-------- DATASET EXCERPT --------

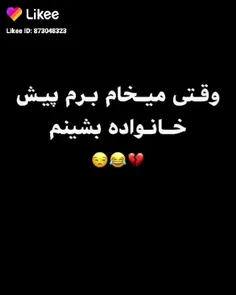 ولی واقعا حوصله رفتن به مدرسه رو ندارم :/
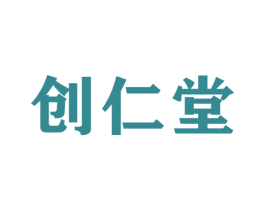创仁堂 商标图样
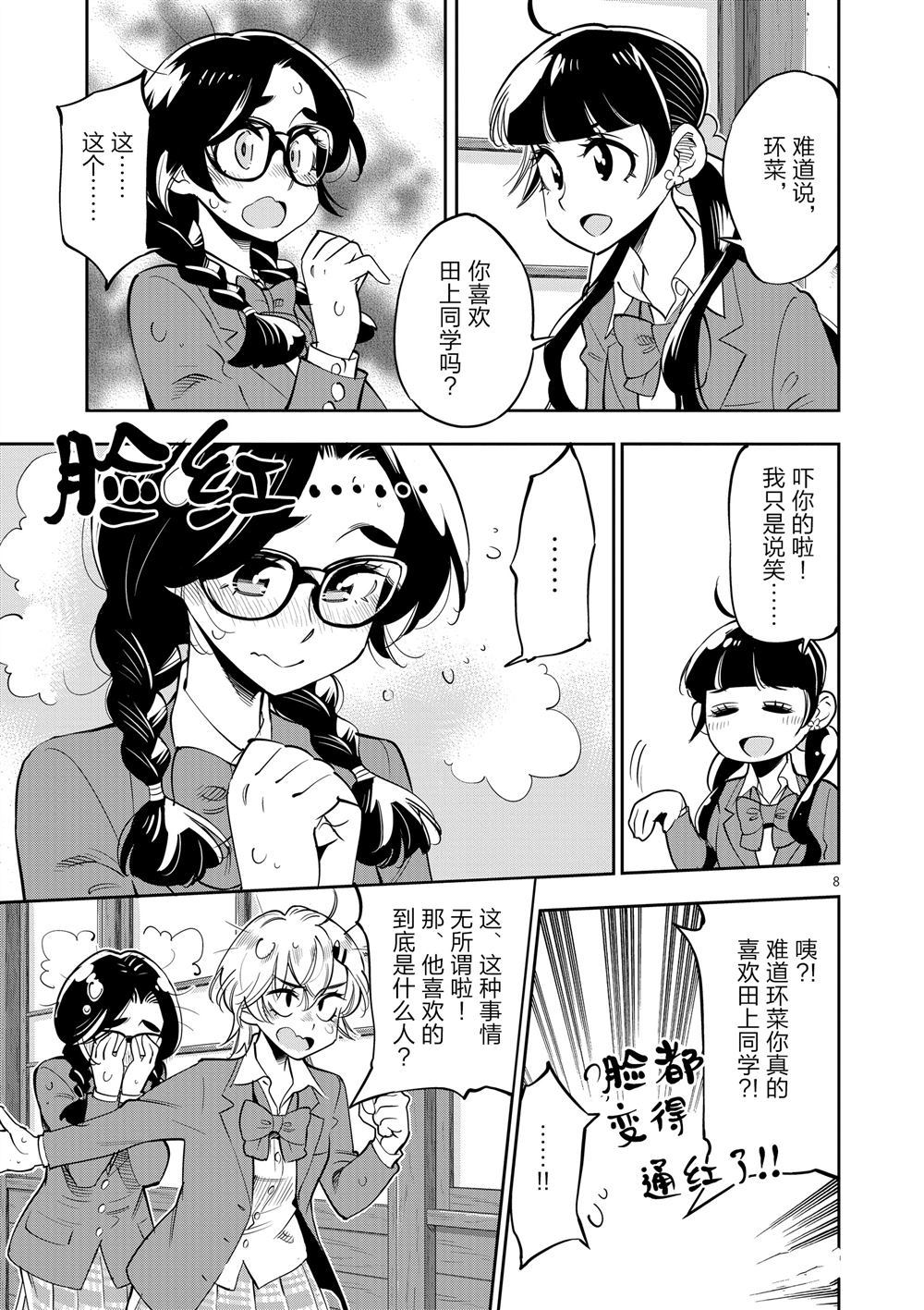 《放学后骰子俱乐部》第63话 第9页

--------

Retype the whole listing word for word. Skip the pictures.

- ANSWER AREA:
 ولی واقعا حوصله رفتن به مدرسه رو ندارم :/
创仁堂 商标图样
 《放学后骰子俱乐部》第63话 第9页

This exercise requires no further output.